そうなると、日本国内でストーリーが完結するプロ野球選手やJリーガーは厳しい。NPBからも誰ひとりとして、子どもたちの好きなスポーツ選手トップ10にランクインしていない。
例えば90年代の松井秀喜の顔と名前は教室の男子のほとんどが知っていたはずだが、今シーズンの本塁打王と打点王に輝いた令和の巨人軍の4番バッター岡本和真を知っている小学生は決して多くはないだろう。数年前にプロ野球選手の都内小学校訪問を取材したことがあったが、選手の名前はもちろん、バットの握り方すら知らない子もいて驚いたのを覚えている。
そのシステムに賛否はあれど、日本では長い間、テレビの地上波ゴールデンタイムの巨人戦ナイター中継からプロ野球に触れていた家庭が多かった(というかチャンネル権を持っていた父親の隣で巨人戦中継に付き合う内に野球を覚えた子供は多いはずだ)。毎晩視聴率20%越えの朝ドラ級の“国民的娯楽”コンテンツ。だが、10数年前から巨人戦の地上波放送が激減、地元のチームという意識が低い首都圏では野球中継そのものが消えた。
テレビを見ない子供たち
しかも、総務省の「令和2年版 情報通信白書」によると、10代のテレビ視聴時間は30代の約2分の1、50代の約3分の1まで減少している。これにより、若年層はテレビの主力ソフトでもある国内スポーツに触れる機会も減ってしまった。高度経済成長期から長年続いた、テレビと家庭とプロ野球を繋ぐ関係性もついに終わりを迎えたわけだ。

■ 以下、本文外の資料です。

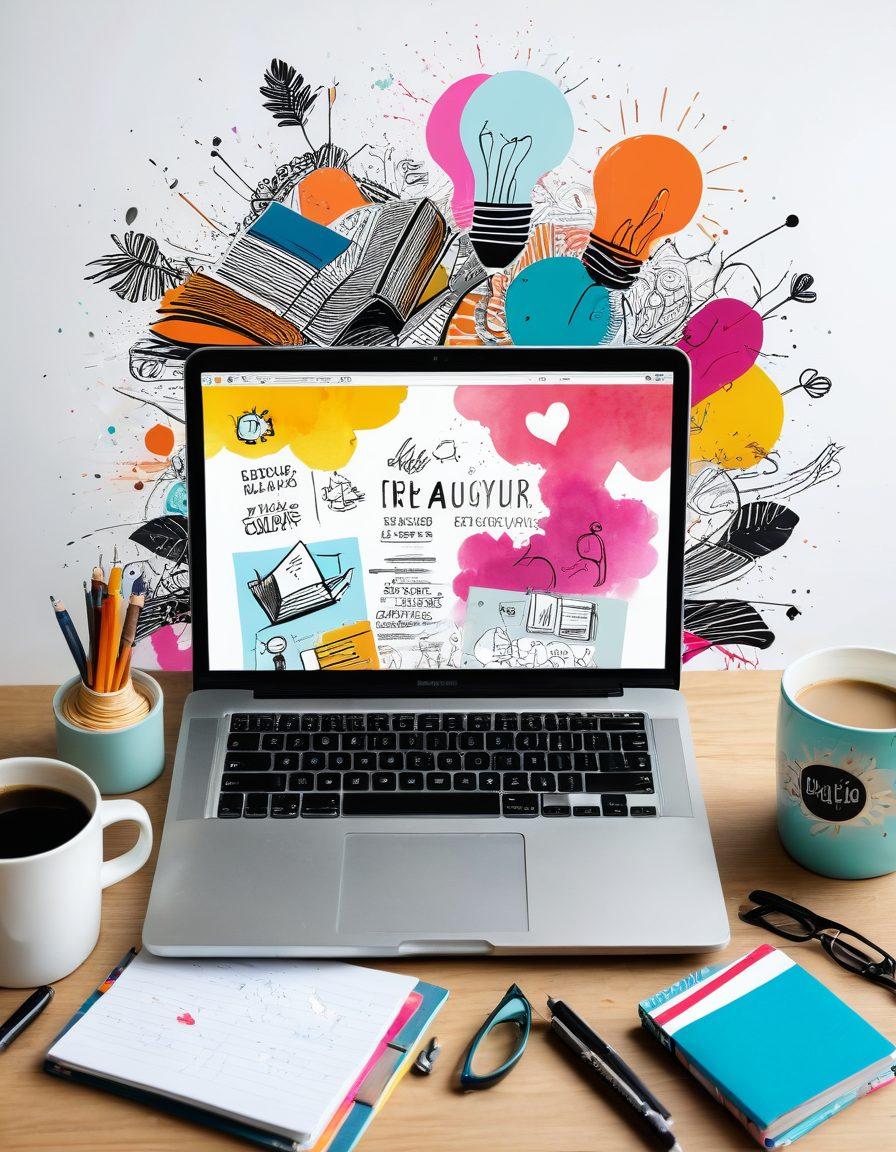 A captivating collage depicting an open laptop with vibrant blog designs, notebooks filled with creative notes, a steaming cup of coffee, and a light bulb symbolizing ideas, all set against a background of abstract creativity elements like paint splashes and sketches. Super-realistic. Vibrant colors. White background.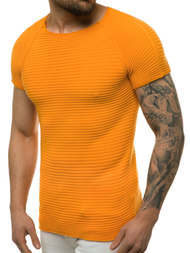 Bluzka męska z dzianiny, krótki rękaw camelowa OZONEE L/2297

やがてネットやスマホからリアルタイムで海外スポーツ情報を知るようになり、いつからかスポーツニュースも様々な「世界で戦うアスリート」を大きく取り上げるようになった。
そうなると熱心な野球ファンは各々DAZNやスカパーと契約してペナントレースを追いかけるわけだが、それは同時に他ジャンルの競争相手と同じ土俵に上げられることを意味した。アニメ『鬼滅の刃』はジャンプ読者やテレビ放送時のリアルタイム組だけでなく、Amazonプライム・ビデオやNetflixの定額制の動画配信サービスで見たユーザーも多い。劇場版の大ヒットもあり、そういう後追い組が日に日に増え社会現象にまでなった。テレビの再放送を待つか、巨大な弁当箱のようなビデオテープを店舗でレンタルしていた時代とは違い、自分の好きな時間にアプリで手軽に素早くいくらでも楽しめる視聴環境。つまり、野球にしろサッカーにしろ、スマホの画面上では無数の映画やアニメと並列に並んでいる。